Bawaslu Kabupaten Ngawi Awasi Klarifikasi Persyaratan Calon PAW Anggota DPRD Kabupaten Ngawi
|
Ngawi, Bawaslu Kabupaten Ngawi – Badan Pengawas Pemilihan Umum (Bawaslu) Kabupaten Ngawi melaksanakan pengawasan terhadap kegiatan klarifikasi pemenuhan persyaratan Calon Pengganti Antar Waktu (PAW) Anggota DPRD Kabupaten Ngawi dari Partai Gerindra hasil Pemilihan Umum Tahun 2024. Kegiatan klarifikasi tersebut dilaksanakan pada Jumat, 19 November 2025, bertempat di Kantor DPC Partai Gerindra Kabupaten Ngawi.
Pengawasan ini dilakukan sebagai bagian dari tugas dan kewenangan Bawaslu Kabupaten Ngawi untuk memastikan seluruh tahapan klarifikasi PAW berjalan sesuai dengan ketentuan peraturan perundang-undangan yang berlaku, serta berlandaskan pada prinsip kepastian hukum, transparansi, dan akuntabilitas.
Kegiatan klarifikasi dihadiri oleh Komisi Pemilihan Umum (KPU) Kabupaten Ngawi selaku penyelenggara teknis, pengurus DPC Partai Gerindra Kabupaten Ngawi, serta calon PAW yang bersangkutan.
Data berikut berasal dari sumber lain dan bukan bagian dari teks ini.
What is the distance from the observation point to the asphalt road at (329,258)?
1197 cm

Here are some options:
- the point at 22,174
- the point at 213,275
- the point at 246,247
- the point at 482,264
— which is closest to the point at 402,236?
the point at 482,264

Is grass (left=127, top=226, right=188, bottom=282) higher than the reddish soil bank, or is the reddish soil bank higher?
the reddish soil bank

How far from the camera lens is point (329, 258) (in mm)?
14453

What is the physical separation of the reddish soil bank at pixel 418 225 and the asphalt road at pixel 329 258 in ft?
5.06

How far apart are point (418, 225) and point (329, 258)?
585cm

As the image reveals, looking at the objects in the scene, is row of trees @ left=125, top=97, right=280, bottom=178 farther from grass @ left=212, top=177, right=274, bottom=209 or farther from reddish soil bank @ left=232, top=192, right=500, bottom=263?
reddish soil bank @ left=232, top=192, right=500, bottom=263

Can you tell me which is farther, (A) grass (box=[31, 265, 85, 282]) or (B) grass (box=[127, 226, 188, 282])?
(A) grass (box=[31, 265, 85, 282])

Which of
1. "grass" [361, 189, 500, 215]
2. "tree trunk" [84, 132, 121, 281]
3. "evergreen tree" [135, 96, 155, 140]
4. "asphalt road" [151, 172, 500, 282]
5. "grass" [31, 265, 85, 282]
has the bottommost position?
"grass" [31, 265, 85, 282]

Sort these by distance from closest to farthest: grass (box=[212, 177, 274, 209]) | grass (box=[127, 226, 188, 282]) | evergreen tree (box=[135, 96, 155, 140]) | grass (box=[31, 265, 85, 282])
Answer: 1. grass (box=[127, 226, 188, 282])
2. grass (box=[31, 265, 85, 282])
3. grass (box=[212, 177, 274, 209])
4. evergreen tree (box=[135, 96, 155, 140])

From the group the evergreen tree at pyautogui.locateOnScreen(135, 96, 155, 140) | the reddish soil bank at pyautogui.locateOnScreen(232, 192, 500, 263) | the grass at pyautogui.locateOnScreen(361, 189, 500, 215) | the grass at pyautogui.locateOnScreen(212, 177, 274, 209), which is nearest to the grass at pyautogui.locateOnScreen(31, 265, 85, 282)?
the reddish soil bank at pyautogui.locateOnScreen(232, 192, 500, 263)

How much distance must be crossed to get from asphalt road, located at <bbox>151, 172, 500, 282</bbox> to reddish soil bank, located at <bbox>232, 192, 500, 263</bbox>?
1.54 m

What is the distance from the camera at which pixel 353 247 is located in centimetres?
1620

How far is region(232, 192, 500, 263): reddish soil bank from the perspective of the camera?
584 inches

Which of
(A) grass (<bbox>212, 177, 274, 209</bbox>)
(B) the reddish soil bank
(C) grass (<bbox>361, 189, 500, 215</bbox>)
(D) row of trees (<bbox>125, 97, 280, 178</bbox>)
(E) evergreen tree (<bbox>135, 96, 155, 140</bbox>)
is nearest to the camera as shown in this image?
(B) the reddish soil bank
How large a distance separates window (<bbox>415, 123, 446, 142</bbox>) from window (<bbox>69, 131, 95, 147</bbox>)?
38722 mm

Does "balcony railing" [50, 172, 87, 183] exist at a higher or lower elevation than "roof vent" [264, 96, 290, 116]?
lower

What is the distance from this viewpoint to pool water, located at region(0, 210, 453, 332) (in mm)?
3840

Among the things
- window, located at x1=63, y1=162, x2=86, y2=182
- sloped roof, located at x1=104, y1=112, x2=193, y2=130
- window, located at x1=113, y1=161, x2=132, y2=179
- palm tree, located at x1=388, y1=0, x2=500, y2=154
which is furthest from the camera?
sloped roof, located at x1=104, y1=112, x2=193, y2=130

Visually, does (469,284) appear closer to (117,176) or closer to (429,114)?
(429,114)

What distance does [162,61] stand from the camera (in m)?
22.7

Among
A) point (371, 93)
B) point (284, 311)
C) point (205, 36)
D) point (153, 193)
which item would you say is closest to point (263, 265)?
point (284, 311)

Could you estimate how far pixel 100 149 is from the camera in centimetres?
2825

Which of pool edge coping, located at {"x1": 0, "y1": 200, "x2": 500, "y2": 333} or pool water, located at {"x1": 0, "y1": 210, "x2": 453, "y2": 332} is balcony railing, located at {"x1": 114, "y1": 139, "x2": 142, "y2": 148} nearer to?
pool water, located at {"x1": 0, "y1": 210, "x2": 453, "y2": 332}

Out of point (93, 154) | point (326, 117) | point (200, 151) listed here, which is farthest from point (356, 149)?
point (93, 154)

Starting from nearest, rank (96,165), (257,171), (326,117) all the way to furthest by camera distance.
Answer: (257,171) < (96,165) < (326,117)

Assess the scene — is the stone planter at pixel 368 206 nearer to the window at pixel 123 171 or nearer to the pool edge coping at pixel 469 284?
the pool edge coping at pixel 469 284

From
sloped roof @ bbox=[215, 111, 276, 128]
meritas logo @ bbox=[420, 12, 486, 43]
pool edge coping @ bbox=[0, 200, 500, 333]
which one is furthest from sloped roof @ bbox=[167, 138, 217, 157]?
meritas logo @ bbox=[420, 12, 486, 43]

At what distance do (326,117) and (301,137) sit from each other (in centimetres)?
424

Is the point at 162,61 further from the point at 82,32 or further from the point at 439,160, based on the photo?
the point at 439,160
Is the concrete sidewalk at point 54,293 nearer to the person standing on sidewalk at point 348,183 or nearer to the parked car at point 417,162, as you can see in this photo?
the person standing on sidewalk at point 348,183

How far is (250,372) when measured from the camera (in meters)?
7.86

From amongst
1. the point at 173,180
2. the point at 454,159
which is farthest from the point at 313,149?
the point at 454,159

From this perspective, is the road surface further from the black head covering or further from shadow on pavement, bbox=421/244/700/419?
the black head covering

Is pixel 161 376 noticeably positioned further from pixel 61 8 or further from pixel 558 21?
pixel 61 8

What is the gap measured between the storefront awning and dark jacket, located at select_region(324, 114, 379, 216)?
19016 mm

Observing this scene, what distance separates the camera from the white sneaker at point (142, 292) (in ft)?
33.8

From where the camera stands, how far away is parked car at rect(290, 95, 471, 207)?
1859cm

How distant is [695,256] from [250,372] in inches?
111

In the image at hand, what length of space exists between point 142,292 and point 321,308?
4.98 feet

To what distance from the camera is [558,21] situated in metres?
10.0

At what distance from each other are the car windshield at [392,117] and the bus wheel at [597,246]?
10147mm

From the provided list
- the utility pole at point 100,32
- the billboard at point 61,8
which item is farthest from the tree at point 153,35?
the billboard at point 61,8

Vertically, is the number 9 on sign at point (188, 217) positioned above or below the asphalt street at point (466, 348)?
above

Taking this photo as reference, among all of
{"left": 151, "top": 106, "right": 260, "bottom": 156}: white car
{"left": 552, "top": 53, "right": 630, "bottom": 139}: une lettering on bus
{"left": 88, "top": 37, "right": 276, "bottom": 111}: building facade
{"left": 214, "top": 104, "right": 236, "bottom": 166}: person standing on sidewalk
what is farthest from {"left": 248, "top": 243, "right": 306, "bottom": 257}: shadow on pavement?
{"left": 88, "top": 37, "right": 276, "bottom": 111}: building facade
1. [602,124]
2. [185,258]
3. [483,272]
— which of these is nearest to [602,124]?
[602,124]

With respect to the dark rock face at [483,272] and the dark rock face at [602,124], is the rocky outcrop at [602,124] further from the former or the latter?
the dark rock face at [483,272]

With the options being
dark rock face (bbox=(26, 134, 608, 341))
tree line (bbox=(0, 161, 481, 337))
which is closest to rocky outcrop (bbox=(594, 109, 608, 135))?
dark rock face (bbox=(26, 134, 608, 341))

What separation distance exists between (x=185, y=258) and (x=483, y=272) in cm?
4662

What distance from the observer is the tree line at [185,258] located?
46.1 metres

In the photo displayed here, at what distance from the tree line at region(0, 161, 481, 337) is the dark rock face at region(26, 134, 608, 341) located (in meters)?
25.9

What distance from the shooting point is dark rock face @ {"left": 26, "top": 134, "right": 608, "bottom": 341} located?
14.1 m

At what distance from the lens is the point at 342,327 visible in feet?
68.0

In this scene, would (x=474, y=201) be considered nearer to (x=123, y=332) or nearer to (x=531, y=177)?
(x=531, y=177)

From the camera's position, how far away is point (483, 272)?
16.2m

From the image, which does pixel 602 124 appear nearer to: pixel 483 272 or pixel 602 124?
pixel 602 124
Kehadiran para pihak tersebut menjadi bagian penting dalam memastikan proses klarifikasi berjalan terbuka dan dapat dipertanggungjawabkan.
Adapun calon Pengganti Antar Waktu yang diklarifikasi adalah Sukarmin, yang pada Pemilu Tahun 2024 memperoleh 561 suara sah dan menempati peringkat kedua perolehan suara Partai Gerindra di daerah pemilihan terkait. Klarifikasi meliputi pemeriksaan dan pencocokan dokumen administrasi, keabsahan identitas, serta kesesuaian data perolehan suara calon.
Dalam pelaksanaan pengawasan, Bawaslu Kabupaten Ngawi mencermati secara saksama seluruh proses klarifikasi guna memastikan tidak terdapat pelanggaran prosedur, serta seluruh persyaratan calon PAW telah dipenuhi sesuai ketentuan yang berlaku. Pengawasan ini juga merupakan wujud fungsi Bawaslu dalam mengawal proses PAW Anggota DPRD agar berjalan objektif, profesional, dan sesuai regulasi.
Melalui kegiatan pengawasan tersebut, Bawaslu Kabupaten Ngawi menegaskan komitmennya untuk terus mengawal setiap tahapan Pengganti Antar Waktu Anggota DPRD Kabupaten Ngawi agar terlaksana secara tertib, transparan, dan berintegritas, sehingga dapat memberikan kepastian hukum bagi seluruh pihak yang berkepentingan.